I can't test something now but config like this bellow would help

multiline {
pattern => "}"
negate => "true"
what => "next"
}

json {
source => "message"
target => "parsedJson"
}

Could you test ?

Regards

Sorry, I just showed log event as multiple lines for easy viewing. It's really just one single line, like this. I updated my OP.

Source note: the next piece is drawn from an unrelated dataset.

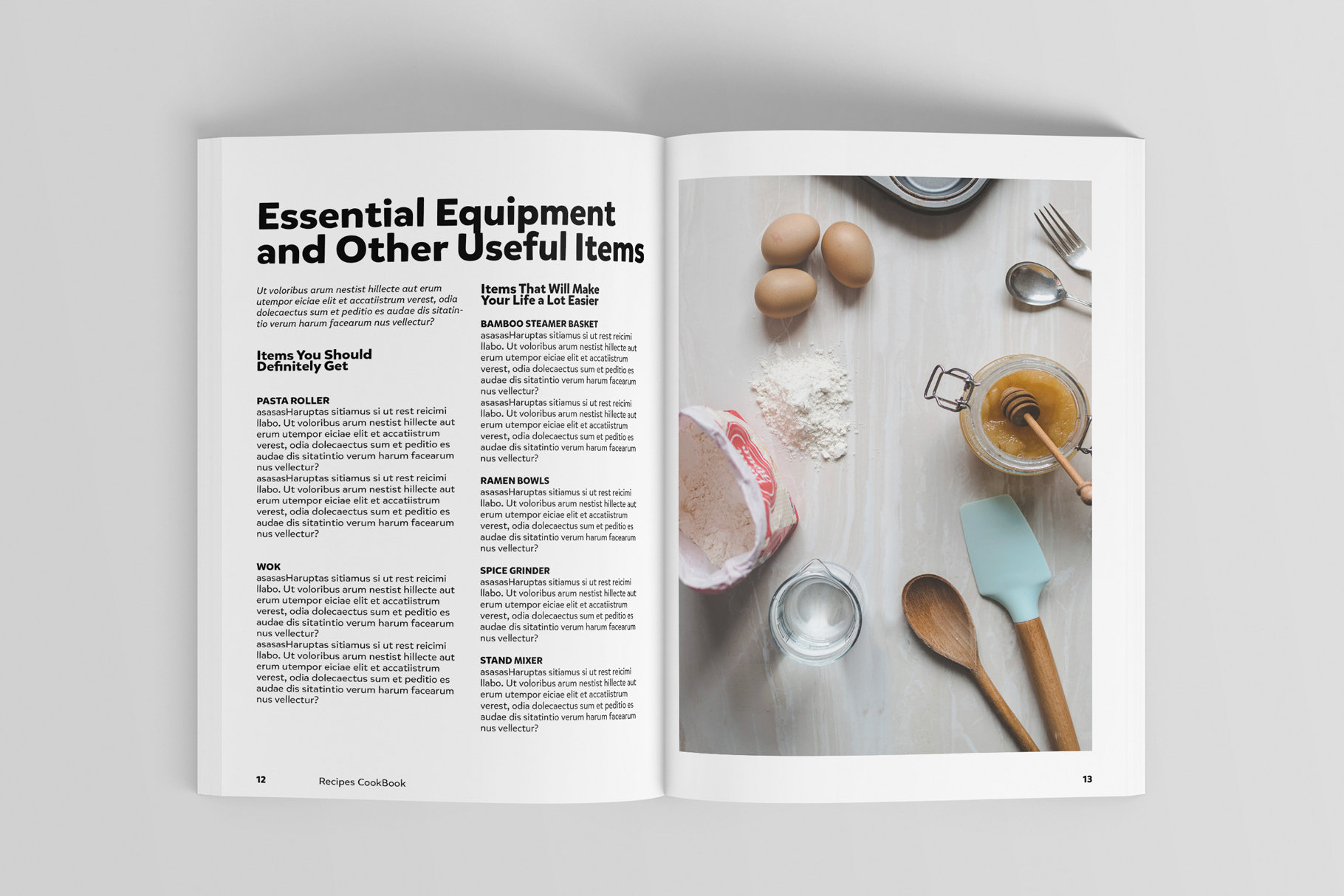 Dessert Cookbook Indesign Template - Etsy Singapore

{"type":"trm-system", "host":"ip-10-22-2-188", "timestamp":"2017-03-08T20:19:01.234577+00:00", "@version":"1", "customer":"test", "role":"app1", "sourcefile":"/tmp/elk/trm-system.log", "message":"2017-02-27 14:01:30,215 INFO :SimpleThreadPoolWorker-4 [jdbc.sqlonly] batching 1 statements:\n1: insert into CR_TEXT_STORAGE_DATA (TEXT_VAL, TEXT_STORAGE_ID, SEQUENCE_ORD) values ('xml version=\"1.0\"\n', '1000h6c14b2m', 0)"}

It's suppose to work, tested here quickly.

{
"hostname" => "ip-10-22-2-188",
"@timestamp" => 2017-03-09T15:10:35.656Z,
"role" => "app1",
"@version" => "1",
"host" => "LABS",
"log_message" => "2017-02-27 14:01:30,215 INFO :SimpleThreadPoolWorker-4 [jdbc.sqlonly] batching 1 statements:\n1: insert into CR_TEXT_STORAGE_DATA (TEXT_VAL, TEXT_STORAGE_ID, SEQUENCE_ORD) values ('xml version="1.0"\n', '1000h6c14b2m', 0)",
"type" => "trm-system",
"timestamp" => "2017-03-08T20:19:01.234577+00:00",
"customer" => "test",
"sourcefile" => "/tmp/elk/trm-system.log"
}

What I think it is happening, you need to remove "syslog" part (grok) and so use json filter from there. Could you remove filter and just output raw event ? Because reading file direct seems fine but it's different from something sent by a syslog server.

Regards,

Regards,

??? I don't have a syslog filter, only a json filter. What do you mean by "syslog part (grok)"? Also, did you test in v2.4.1 or v5.2?

This topic was automatically closed 28 days after the last reply. New replies are no longer allowed.